Ваверская молчала, вздохнула.
– Но вы думаете, пане мастер, – сказала она, – что мне родина менее дорога, чем вам, и что я колебалась бы отдать за неё жизнь, как покойный мой Серафим. Пане, почти его душу, однако, не кто-нибудь, а я воспитала Юту, что имеет такое великое сердце, а ну, жаль ребёнка…
– А что ему будет? – спросил Килинский. – Уж поручик уважать её сумеет…
Затем пришло время и мне отозваться, а мне уже было жаль, что какой-то такой недоверчивый приём застал.
– Пани благодетельница, – сказал я вежливо, – мне очень больно, что, будучи использован в публичном деле, от которого не годиться отказываться, не могу поменяться моей обязанностью с кем-нибудь иным, чтобы не быть вам навязчивым; но могу заверить, что я воспитан в религиозном доме и никакого легкомыслия в жизни не допустил. Тем меньше можно меня подозревать в нём, когда речь идёт о таком деле, как наше… было бы криминалом… о чём другом думать, как о нём…

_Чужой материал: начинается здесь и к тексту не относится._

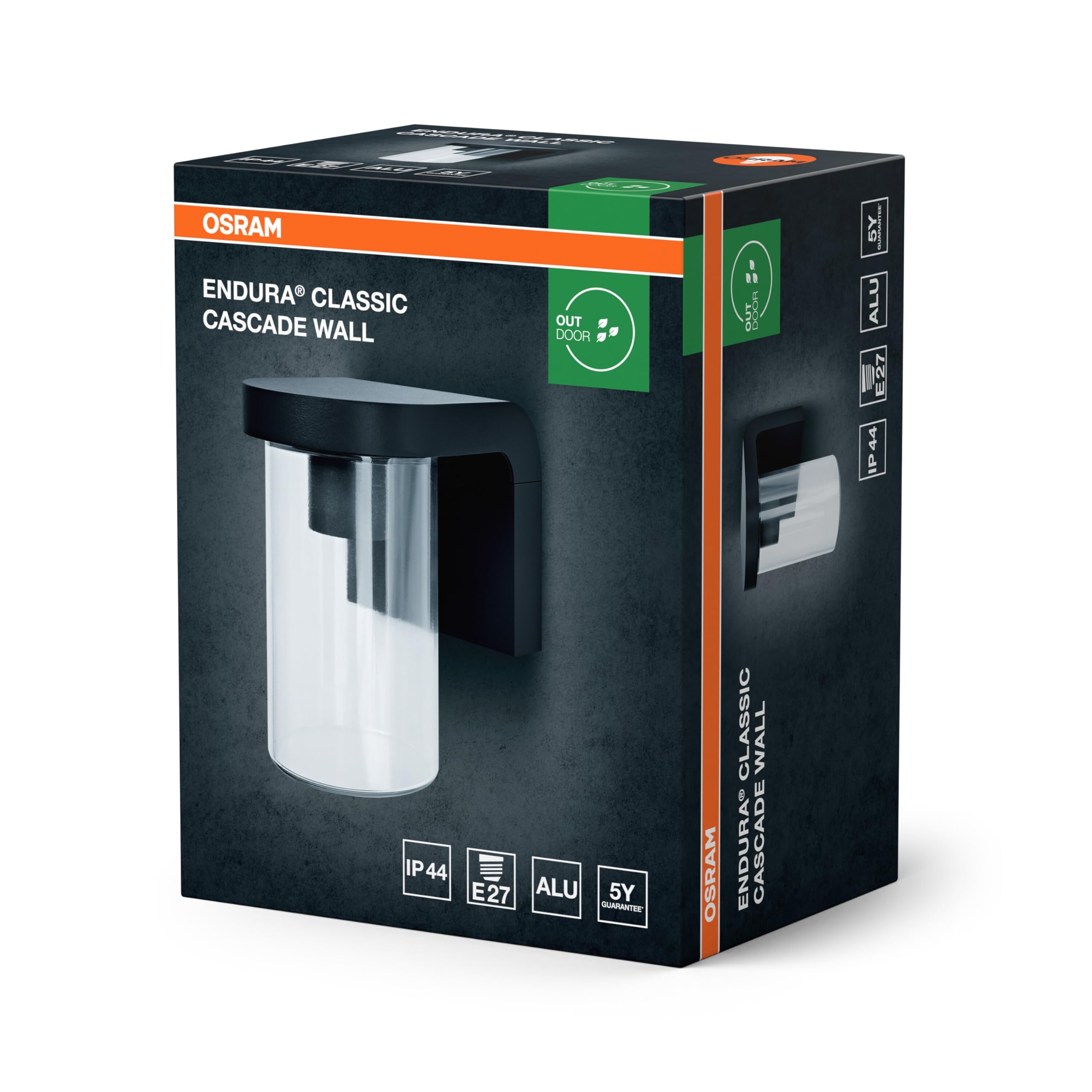 Osram ENDURA Classic Cascade Wandleuchte E27 Klarglas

Юта приглядывалась ко мне и внимательно слушала, когда я говорил – моё слово попало ей в сердце…
– Ну, довольно, довольно, обо мне тоже речь, да бросьте, матушка… Я уже принялась носить сумки для пуль, бумаги и пароли… нужно выдержать до конца!
Её глаза зажглись как бы внутренним огнём…
– Отца моего убили русские! – прибавила она. – Пусть же я, слабая, хоть таким способом за него отомщу… Если бы и умереть пришлось!
В её глазах стояли слёзы, Ваверская их также вытерла фартуком. Килинский крутил усы.
– Ну, пане поручик, – сказал он, не допуская, чтобы дольше поплакали, – шутка шуткой… будешь первый раз в жизни выставлен под огонь неприятельских батарей, потому что глаза Юты… это хуже пушек… не дай же убить себя! Держись крепко…
Юта с каким-то сожалением посмотрела на меня сверху, я покраснел, не отвечая ничего… Мы встали со стульев, прощаясь с молчащей хозяйкой и красивой девушкой, которая только у вторых дверей, отвлечённая, кивнула мне головкой. Заспанного слугу достали с печи, чтобы осветил нам на лестнице.